### YOUR ASSIGNMENT
Your job with the data below is to output exactly the lines from the one holding "Цистерна напівпричіп Simatra NC-02 2001 в" down to the one holding "Quinta planta, luz", both included, and no others.

### SOURCE MATERIAL
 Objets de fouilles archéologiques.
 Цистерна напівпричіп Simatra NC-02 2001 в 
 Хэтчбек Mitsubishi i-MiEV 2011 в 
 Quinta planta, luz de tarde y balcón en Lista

==

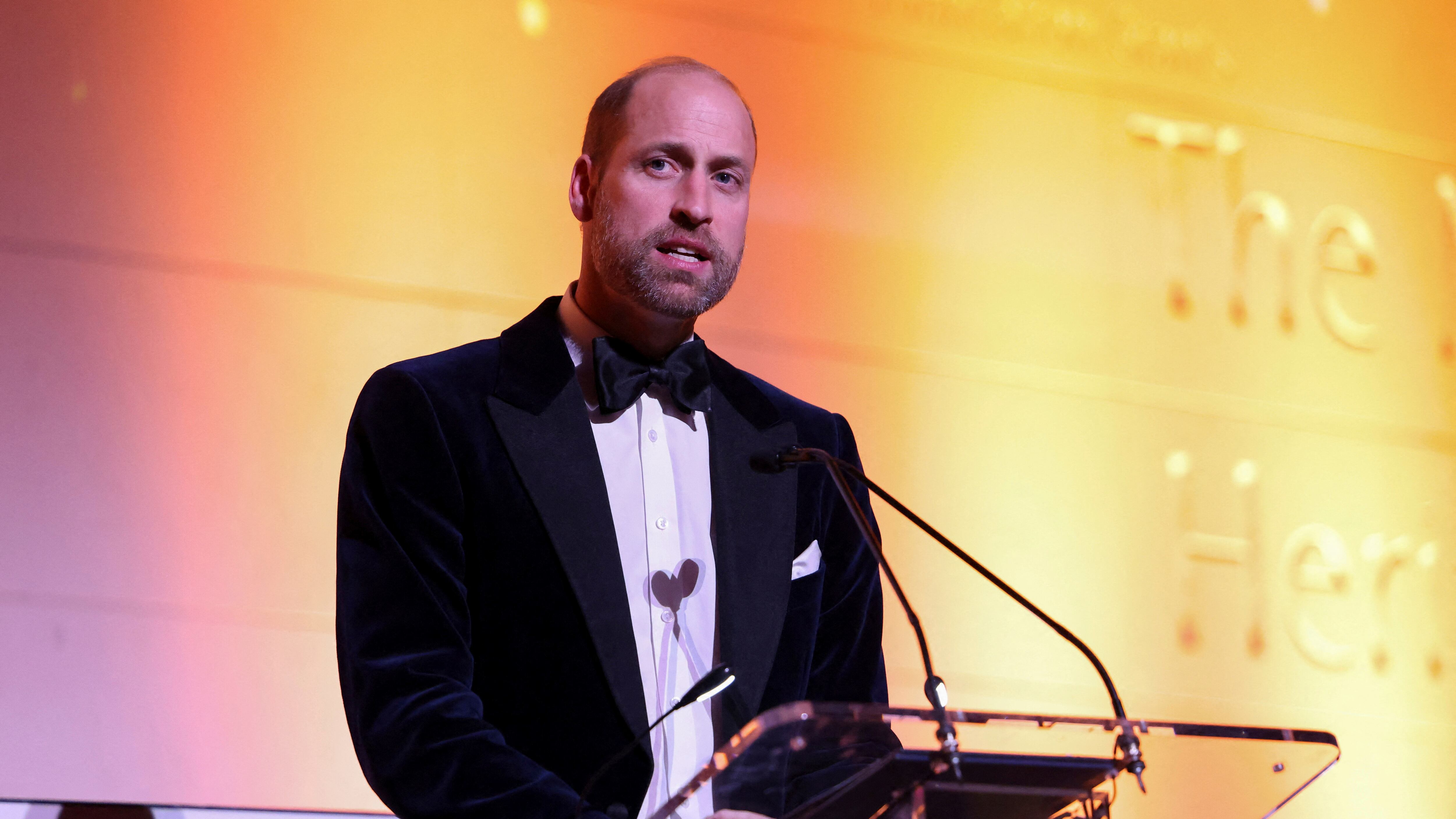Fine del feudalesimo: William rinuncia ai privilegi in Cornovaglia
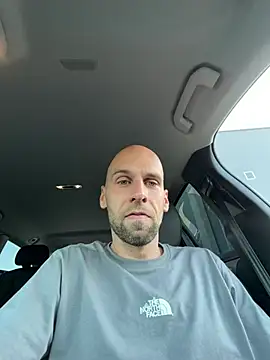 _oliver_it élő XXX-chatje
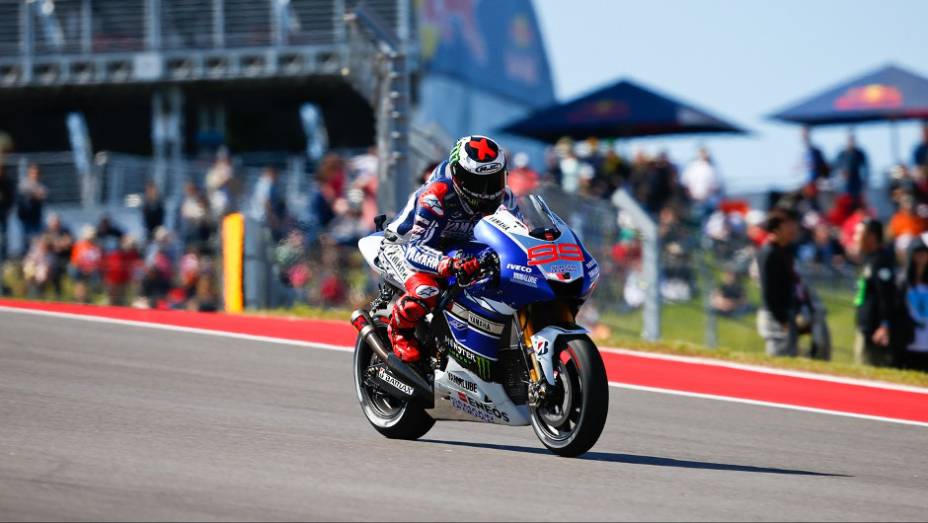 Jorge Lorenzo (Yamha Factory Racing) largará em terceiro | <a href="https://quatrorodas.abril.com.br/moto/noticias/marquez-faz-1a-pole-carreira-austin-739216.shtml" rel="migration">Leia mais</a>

* * *

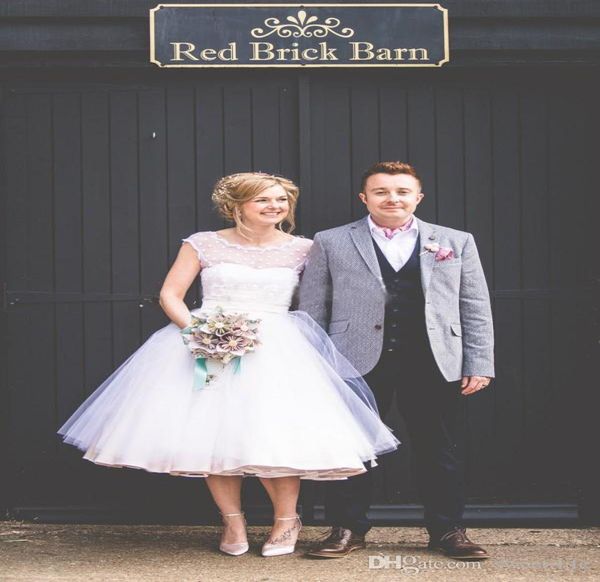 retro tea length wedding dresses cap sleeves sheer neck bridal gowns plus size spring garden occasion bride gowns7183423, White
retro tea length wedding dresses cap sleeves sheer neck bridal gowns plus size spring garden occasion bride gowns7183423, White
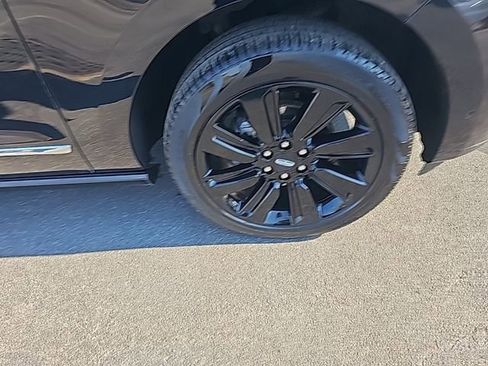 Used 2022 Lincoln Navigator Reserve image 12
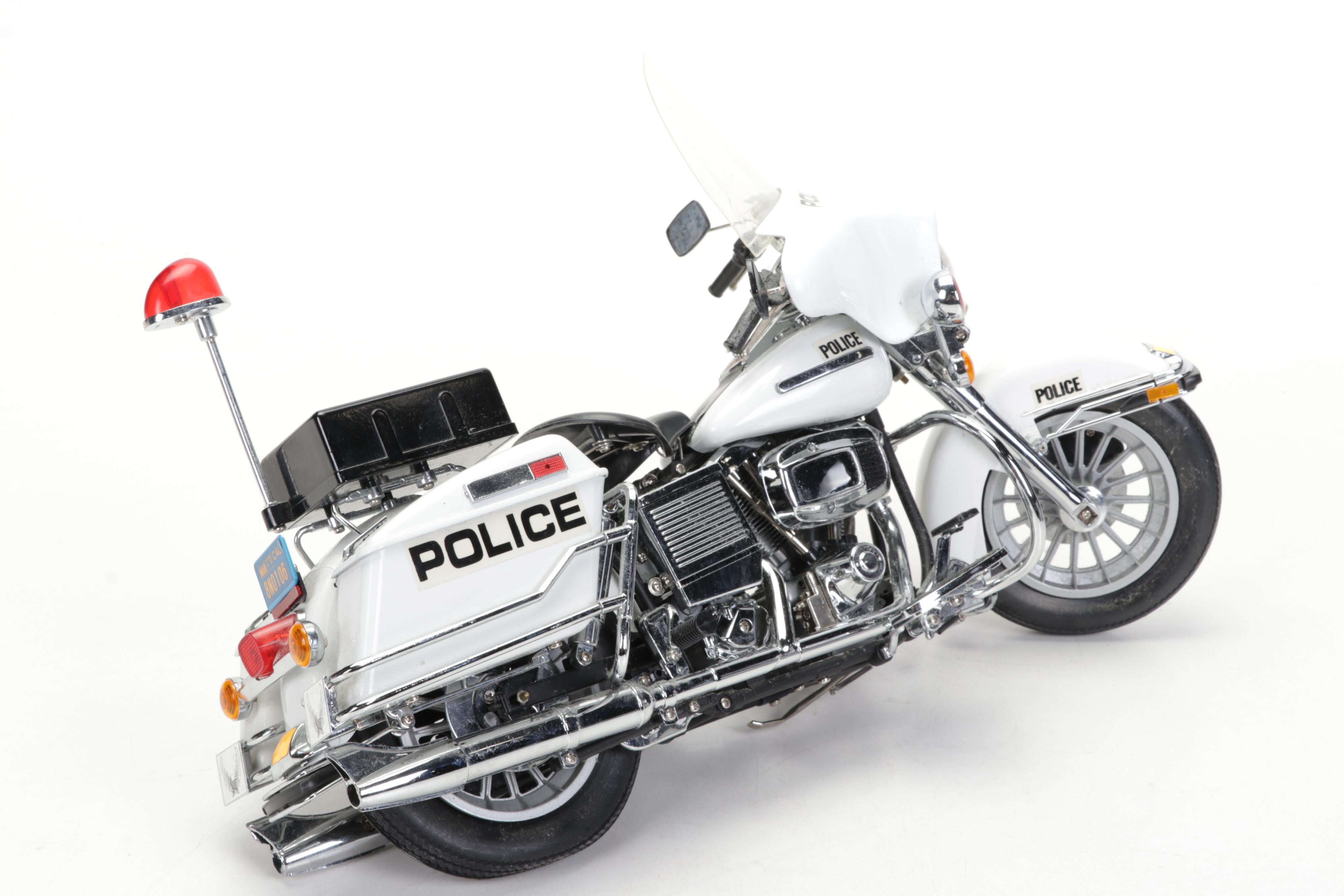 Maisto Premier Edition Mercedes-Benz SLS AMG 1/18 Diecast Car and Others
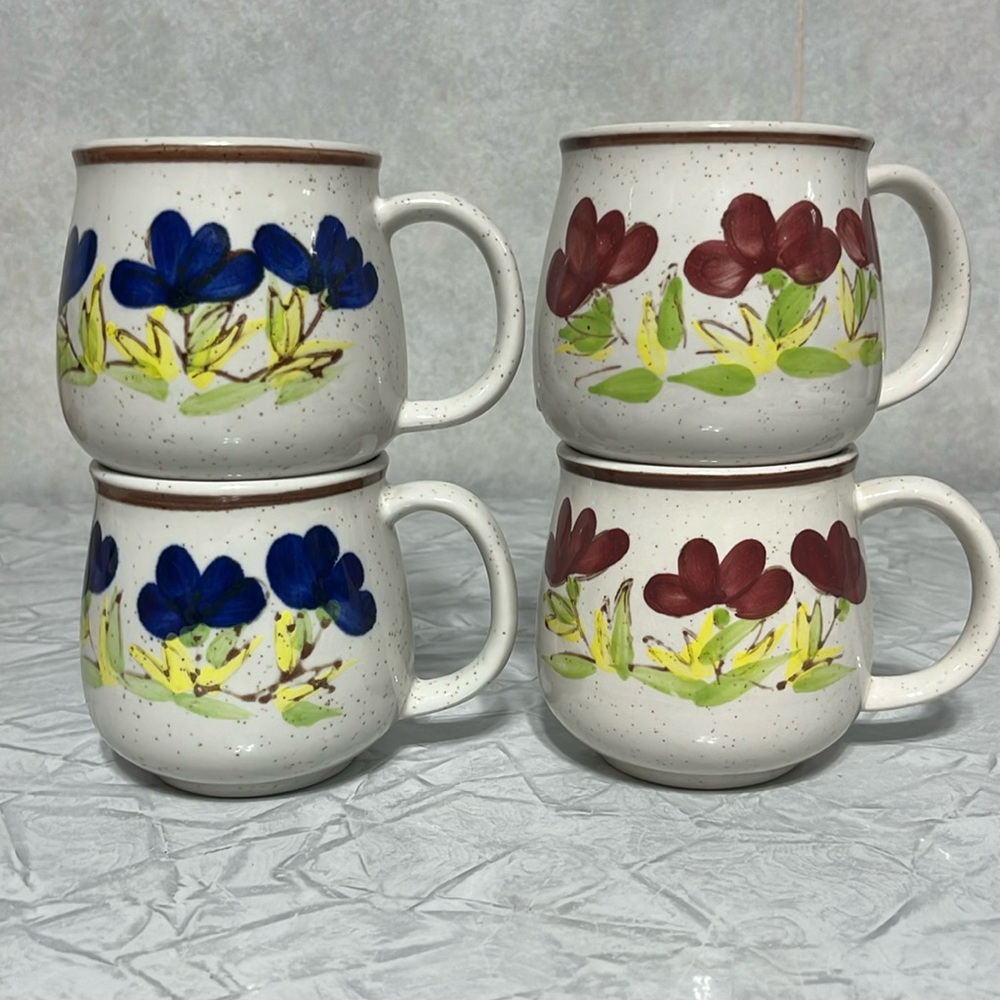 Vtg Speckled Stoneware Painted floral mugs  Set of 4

### EXERCISE SOLUTION
 Цистерна напівпричіп Simatra NC-02 2001 в 
 Хэтчбек Mitsubishi i-MiEV 2011 в 
 Quinta planta, luz de tarde y balcón en Lista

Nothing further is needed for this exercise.